A new regulation in Europe has ordered employers to stop monitoring emails and other means of communications of their staff. If they do, they will have to inform their employees in advance before doing so.
The landmark judgment rolled out by the European Court of Human Rights (ECHR) in Strasbourg, France comes after the lawsuit involving Romanian engineer Bogdan Barbelescu. He was fired from his job at an undisclosed company in 2007 for sending messages which the court ruling described "of an intimate nature".
Barbelescu had reportedly been said unaware of the company's scope of monitoring his personal emails.

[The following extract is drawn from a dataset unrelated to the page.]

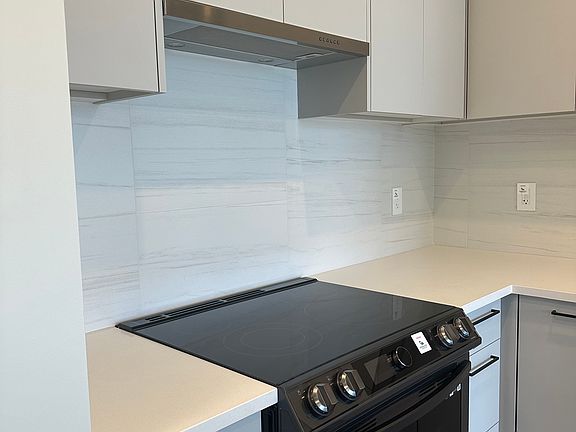 5th image of 8117 200a St #615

According to Reuters, Barbulescu's company showed him a physical copy of his private messages with his brother and fiancée on Yahoo Messenger, which it used as grounds of company policy breach for personal use.
Romanian court backed the company's claim, but with the ECHR's decision has underscored that the local court "failed to protect Barbulescu's right to private life and correspondence". There was no enough evidence that Barbulescu's communications were a threat to the company.
"This set of requirements will restrict to an important extent the employers' possibilities to monitor the workers' electronic communications," Esther Lynch, confederal secretary of the European Trade Union Confederation, tells Reuters. "Although it does not generally prohibit such monitoring, it sets high thresholds for its justification. This is a very important step to better protect worker's privacy."